Network-based and transcriptomic metaanalysis. (A) Four independent microarray datasets were downloaded from the GEO and preprocessed in INMEX where metaanalysis was undertaken using the Fisher’s method. Datasets were subsequently uploaded into NetworkAnalyst to perform network and functional analysis and to identify key regulatory hub genes across the multiple microarray studies. Finally, the most significant genes were evaluated as biomakers for PD in blood samples obtained from two independent cohorts of patients. (B) Venn diagram of differentially expressed genes identified from the metaanalysis (Meta-DE) and those from each individual microarray analysis (Individual-DE). (C) Heat map representation of the top 20 differentially expressed genes across different microarrays identified from the metaanalysis (row-wise comparison).
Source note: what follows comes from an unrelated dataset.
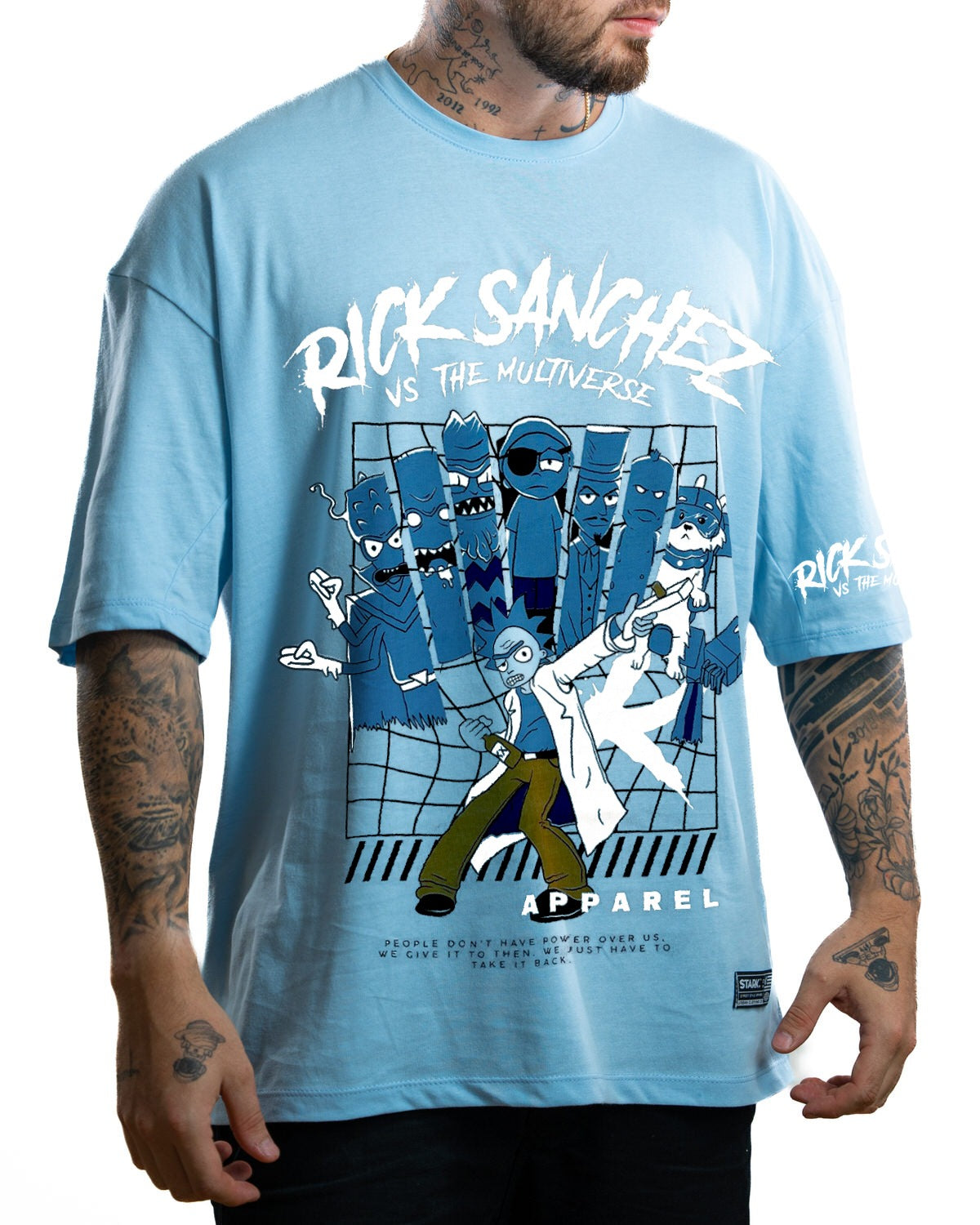 Oversize Azul Rick Sanchez Multiverse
The heat map was rescaled to prevent domination by study-specific effects. HC, healthy controls; PD, Parkinson’s disease.

Fig. 2.

Network analysis of differentially expressed genes in blood of PD patients. (A) Zero-order interaction network of genes up-regulated in blood of PD patients (red). (B) Zero-order interaction network of genes down-regulated in blood of PD patients (green).

Fig. 3.

Evaluation of HNF4A and PTBP1 mRNAs as biomarkers for PD at baseline. (A) Relative abundance of HNF4A mRNA in blood of PD patients (black circles) compared with HCs (white circles) in samples from the PROBE cohort. (B) Replication of biomarker expression in an independent set of samples from patients enrolled in the HBS study. (C) Relative abundance of PTBP1 mRNA in blood of PD patients compared with HC in samples from the PROBE cohort. (D) Replication of PTBP1 mRNA expression in an independent set of samples from patients enrolled in the HBS study. Relative abundance of each biomarker was calculated using GAPDH as a reference gene and HC as calibrator. A Student t test (two-tailed) was used to estimate the significance between PD cases and controls. Error bars represent 95% confidence intervals.

Fig. 4.

Biomarker correlation analysis. (Upper) Pearson correlation analysis between HNF4A mRNA and PTBP1 mRNA in blood of PD patients (black circles) and HC (white circles) in samples from PROBE and HBS. (Lower) Correlation analysis between HNF4A mRNA and Hoehn and Yahr scale in PD patients from both cohorts. Solid lines represent the linear regression of the data and dashed lines indicate the 95% confidence of intervals.

Fig. 5.

Longitudinal performance of HNF4A and PTBP1 mRNAs in the HBS study. (A) Individual trajectories for the relative abundance of HNF4A mRNA over time for HC (blue) and PD patients (red) in the HBS study. (B) Average HNF4A mRNA expression in PD patients compared with HCs calculated via linear mixed-effects regression analysis adjusting for sex, age, and BMI. (C) Individual trajectories for the relative abundance of PTBP1 mRNA over time for HCs and PD patients. (D) Average PTBP1 mRNA expression in PD patients compared with HCs calculated via linear mixed-effects regression analysis. Red and blue lines denote PD patients and HCs, respectively. T0 and T2 indicate baseline and 3-y follow-up period, respectively. Post hoc pair-wise comparisons were performed using a Tukey test (**P = 0.0001, *P = 0.001). Error bars represent SE.